My approach using the implicit function theorem is the following: From the above statement, for $g$, we can determine a ball around $x'$ for a $r > 0$ such that there is a function $h: B(x',r) \mapsto \mathbb{R}$ and it is $g(x,h(x))=0$ for each $x \in B(x',r)$. In this ball, we can state $f$ as $f(x,h(x))$ which always satisfies the constraint. Now, in $B(x',r)$ the unconstrained optimization of $f(x,h(x))$ will give us the constrained extremum point, $(x',y')$ and at $x'$ the gradient of $f(x,h(x))$ wrt $x$ vanishes. So it is at $p=(x',y')$ $$\sum_{i=1}^D \dfrac{\mathrm{d} F}{\mathrm{d} x_i}=\sum_{i=1}^D (\dfrac{\partial F}{\partial x_i} + \dfrac{\partial F}{\partial y}\dfrac{\partial h}{\partial x_i} )=0$$

We can differentiate $g(x,h(x))$ at $p=(x',y')$ wrt to $x$ as well. It should be trivially equal to zero. So, it is $$\sum_{i=1}^D \dfrac{\mathrm{d} g}{\mathrm{d} x_i}=\sum_{i=1}^D (\dfrac{\partial g}{\partial x_i} + \dfrac{\partial g}{\partial y}\dfrac{\partial h}{\partial x_i} )=0$$.
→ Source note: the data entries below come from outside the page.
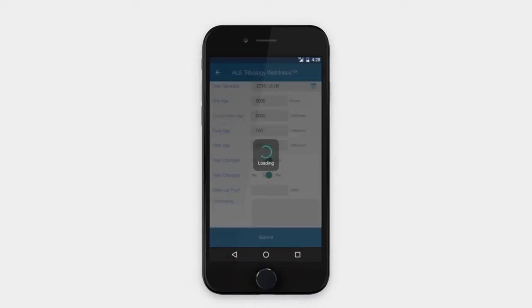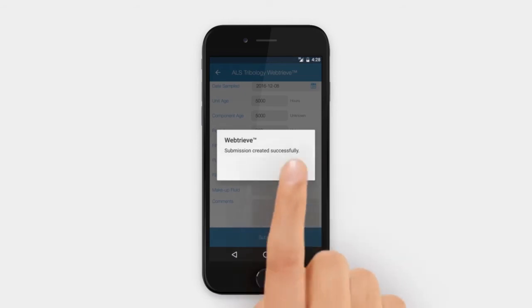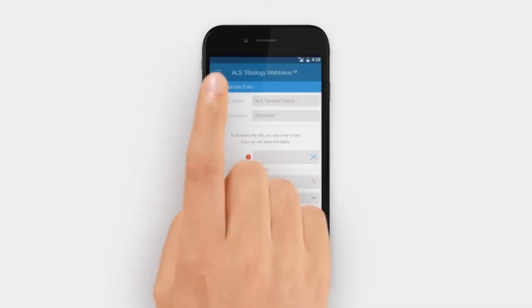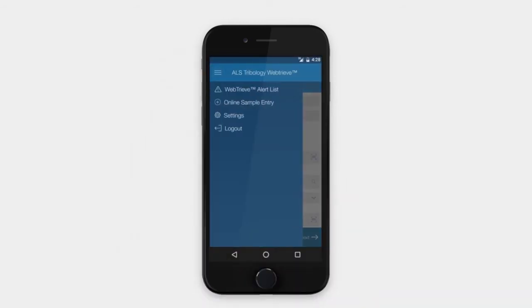Once you complete all the compartment information, hit submit and the sample details will be transmitted to the laboratory.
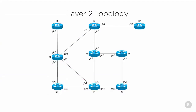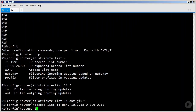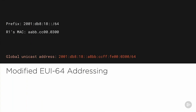When it comes to networking, nothing is more important than mastering the fundamentals. This course gives you the foundational IP routing concepts and skills you'll need to design, configure, and troubleshoot a Cisco Enterprise Network.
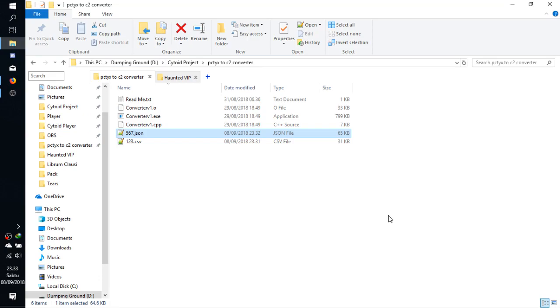And this is how you export and get the chart format for Cytus 2. In the next video, I will show you how to pack your files and upload it into Cytoid database.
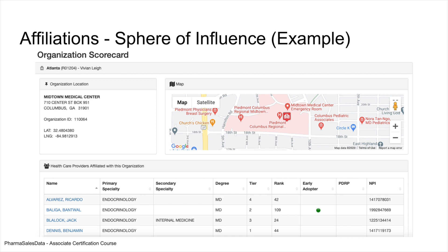For example, Ricardo Alvarez the endocrinologist, if he takes a liking to your product or brand, he may share that information with the other doctors at Midtown Medical Center because they work together in the same facility. This is why affiliations are so important — if you can get your HCPs to adopt and write prescriptions for your specific product, it really helps in the long run. I know the focus right now is on the sales associate side, but you'll see how this all comes together with the data as we go on to more lessons.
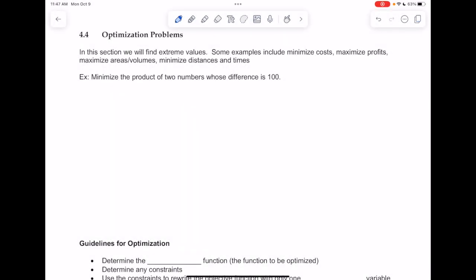Section 4.4, Optimization Problems. In previous sections we've been looking at finding maximum and minimums on graphs, and now we want to start to apply that knowledge of extreme values to applications. Some examples might include minimizing costs, maximizing profits, maximize areas, volumes, minimize distances and times — things along those lines, and we'll see examples like that as we go through the section.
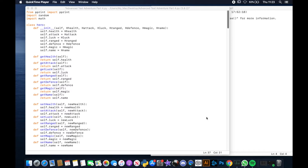Welcome back everybody and it's finally time to finish off the advanced text adventure. This will be the final part where we can hopefully get the whole thing running, and it'll be up to you to add in the extras and pieces that you want after that.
I obtained all parts belonging to the gradients of two functions $f$ and $g$ but I am still not able to show $\nabla f(p) = \lambda \nabla g(p)$. What is missing in my construction, how can we reach to this statement from the derivates written above?

1

There are 1 best solutions below

2
On BEST ANSWER

One writes that the gradient of $\alpha(x)=f(x,h(x))$ wrt x vanishes as you say. Using the chain rule to compute the derivatives wrt the $x_j$'s: $$ 0=\frac{\partial\alpha}{\partial x_j}=\Big(\sum_{i=1}^D\frac{\partial f}{\partial x_i}\frac{\partial x_i}{\partial x_j}\Big)+ \frac{\partial f}{\partial y}\dfrac{\partial h}{\partial x_i}=\frac{\partial f}{\partial x_j}+ \frac{\partial f}{\partial y}\dfrac{\partial h}{\partial x_i} \quad (1\le j\le D). $$ Similarly, from $g(x,h(x))=0$ one gets $$ \phantom{\frac{\partial\alpha}{\partial x_j}}0=\frac{\partial g}{\partial x_j}+ \frac{\partial g}{\partial y}\dfrac{\partial h}{\partial x_i}\quad (1\le j\le D). $$ The first system of equations say $\nabla f$ is proportional to $\nabla h$, and the latter gradient comes from the second system. Explicitely $$ \nabla f=-\frac{\partial f}{\partial y}\nabla h=\frac{\frac{\partial f}{\partial y}}{\frac{\partial g}{\partial y}}\nabla g=\lambda\nabla g, $$ which is possible by the assumption $\frac{\partial g}{\partial y}\ne0$ (everything at the given point). Properly speaking, the systems give $\lambda$ for the $x_i$-components of the gradient, while for the $y$-component it works trivially. In fact, we could have predicted the value of $\lambda$ just looking at that last component.